Above is the view out the kitchen window. Forecasts were for snow starting at 6 a.m. and ending before noon, changing to rain. In fact, it didn't start snowing until 12:30, at a point when we thought it was all over.
As you can see looking out the guest bedroom window, there wasn't really much to it. This morning it's not so cold and it is raining outside. Walt and I were both slightly disappointed that we didn't get a little more snow. It would have been pretty, and would have brightened up the environment.
On the spur of the moment, I made a clafoutis aux pruneaux — a kind of crustless prune pie or custard — yesterday afternoon. We didn't have anything else in the house in the way of dessert. A clafoutis is very easy and quick to make, and it is delicious. Besides, prunes are good for you. According to Monique Maine's book La Cuisine pour toute l'année (1969), the ingredients for a clafoutis are:
- 500 grams of fruit
- 80 grams of flour (¾ cup = 6 fl. oz)
- 125 grams of sugar (½ cup = 4 fl. oz)
- 250 ml of milk (1 generous cup)
- 4 eggs
- 60 grams of butter (4 generous tablespoons)

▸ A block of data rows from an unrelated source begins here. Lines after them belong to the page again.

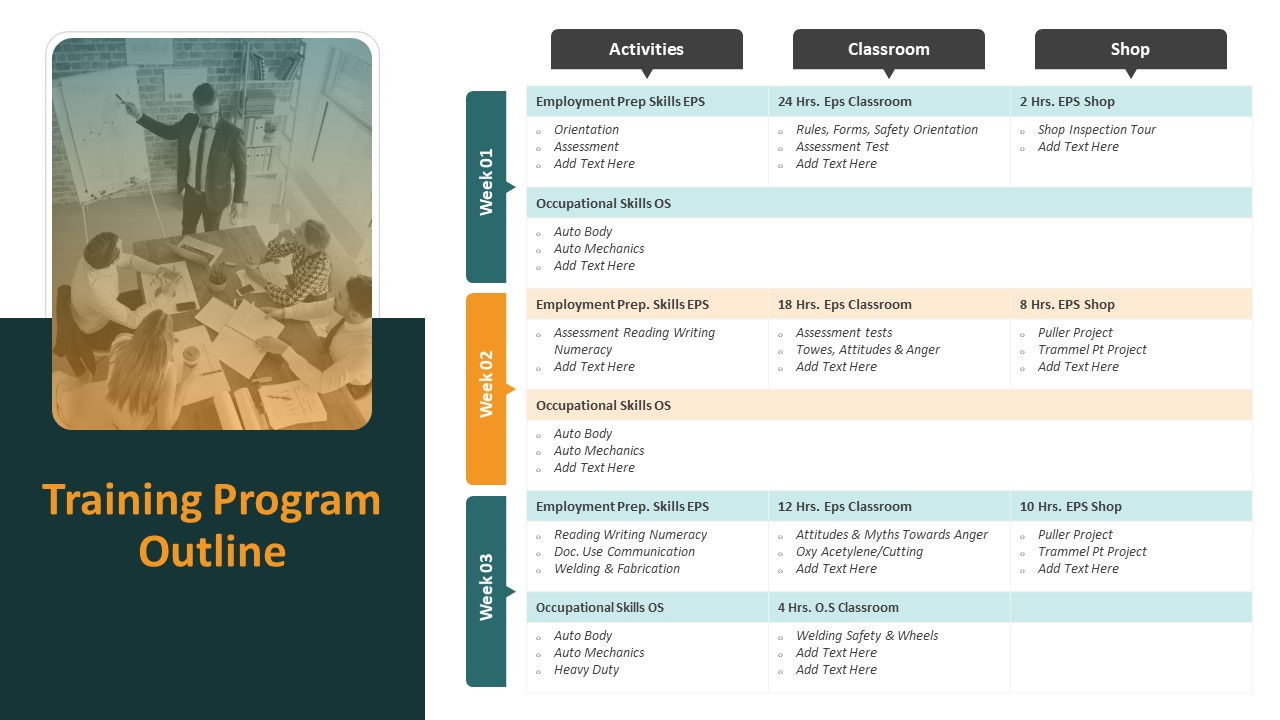 Training Program Outline PowerPoint Template | PPT Templates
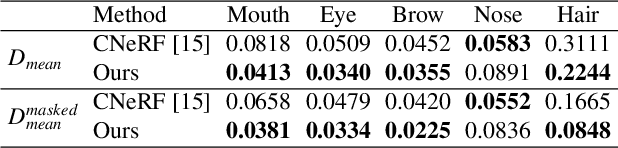 Figure 2 for 3D-SSGAN: Lifting 2D Semantics for 3D-Aware Compositional Portrait Synthesis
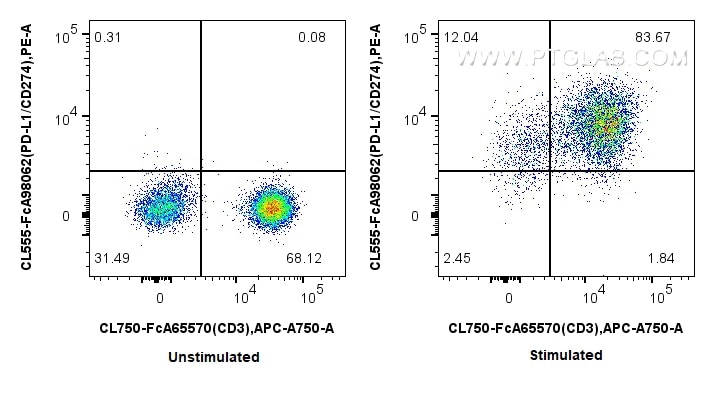 Flow cytometry (FC) experiment of human PBMCs using FcZero-rAb® CoraLite®555 Anti-Human PD-L1/CD274 Ra (CL555-FcA98062)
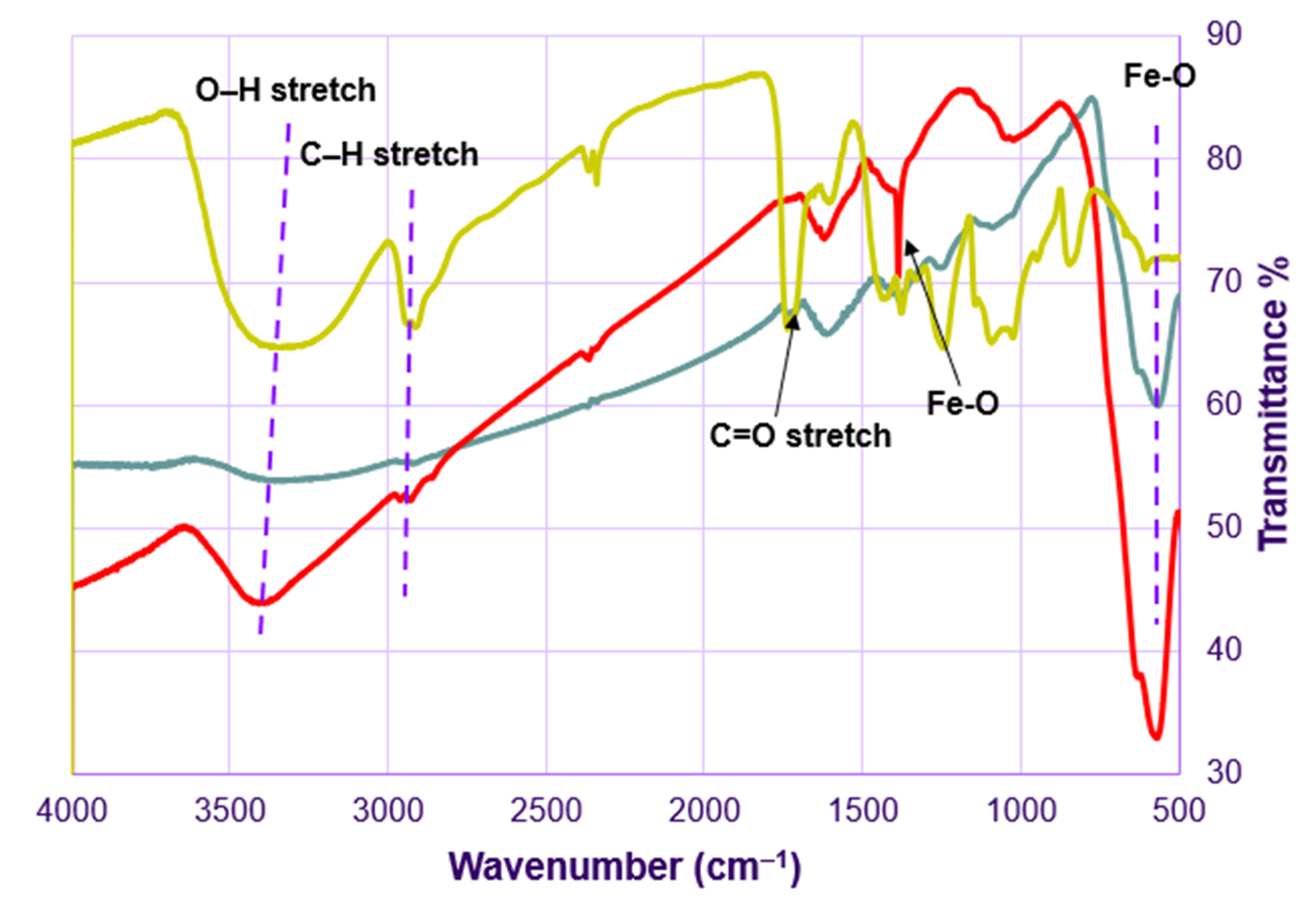 Sensors 21 00883 g004 Sensors 21 00883 g004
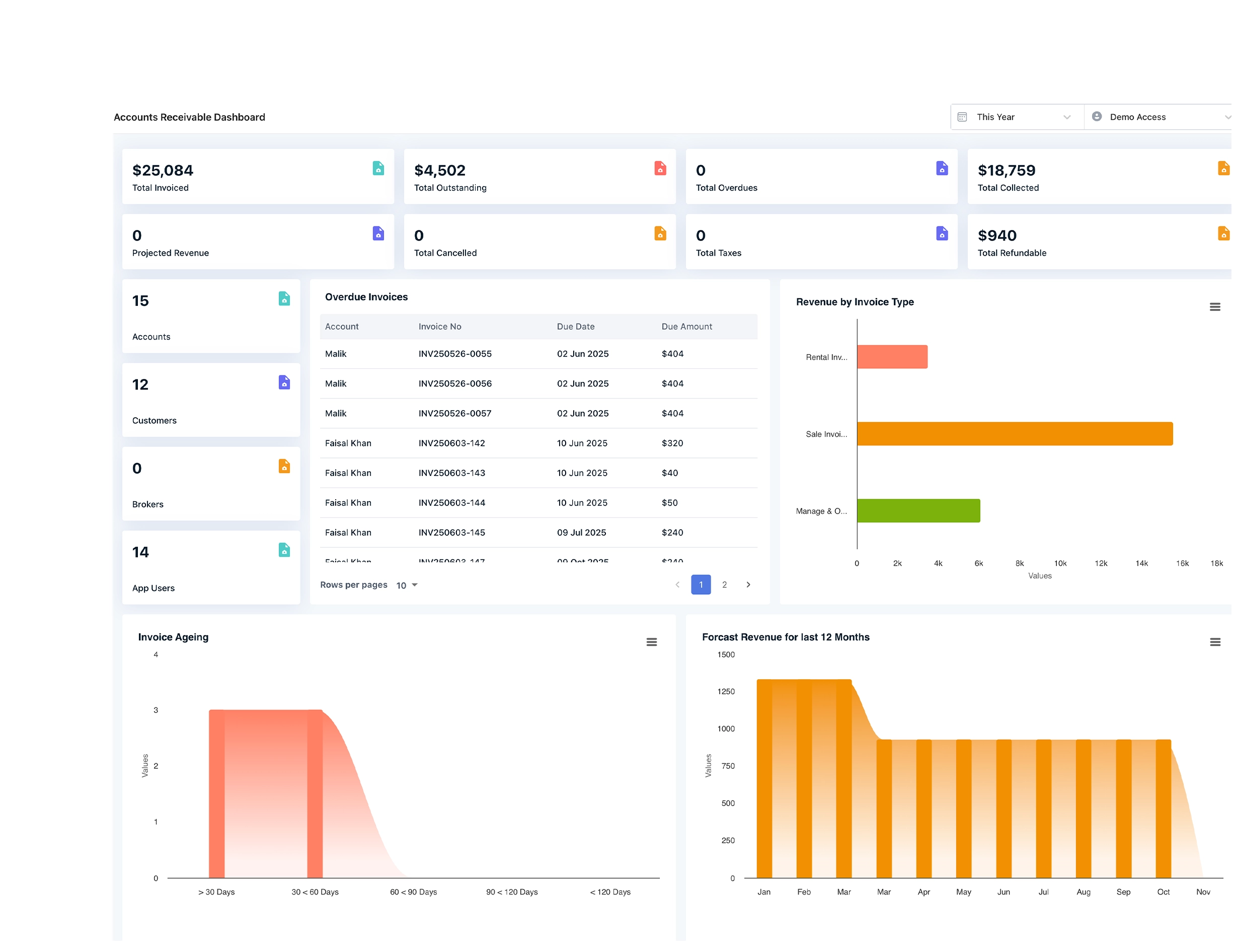 Finance & Loan Integration
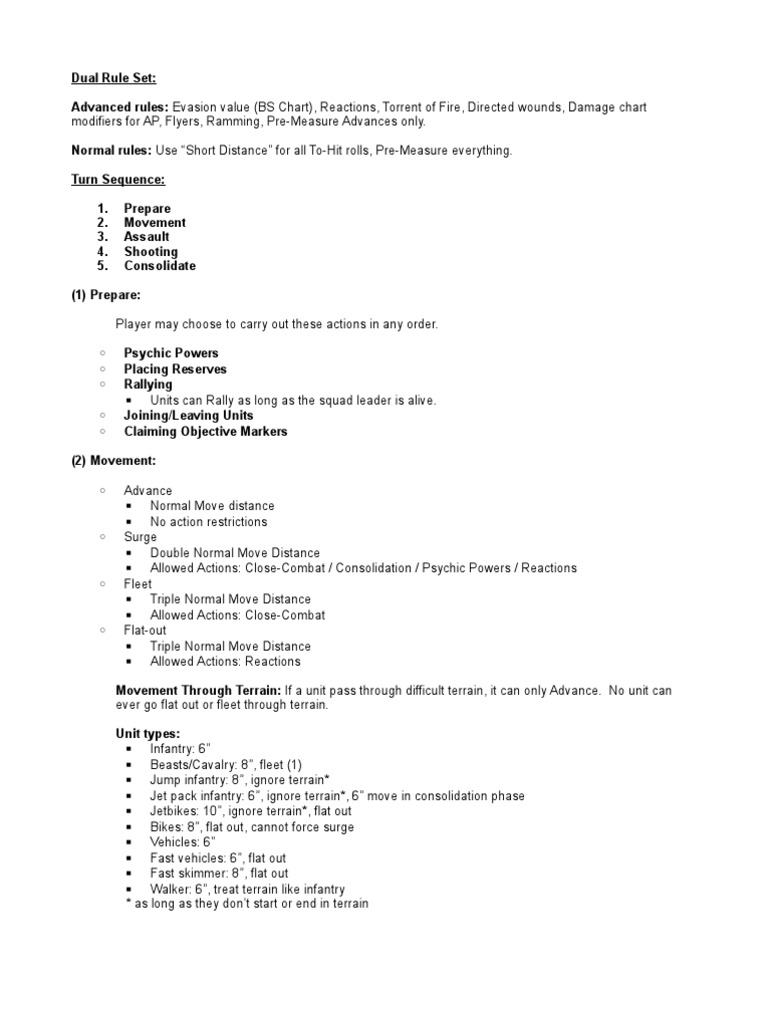 6ED Rumor Rules | PDF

In this case, I used a generous pound of prunes — about two dozen of them. The ones I had were very tender and not too dried out, so I didn't have to soak them. I also didn't pit them. The recipe instructions say to mix together the flour, sugar, and eggs first. Then add the milk gradually, stirring, along with half the butter, melted. The mixture resembles crêpe batter. Butter the baking dish with the rest of the butter, arrange the prunes evenly in the buttered dish, and pour in the batter. I sprinkled some cassonade (raw sugar) over the top and it browned nicely, as you can see. Bake the clafoutis in a 350ºF (180ºC) oven for about 30 minutes, until set and golden brown.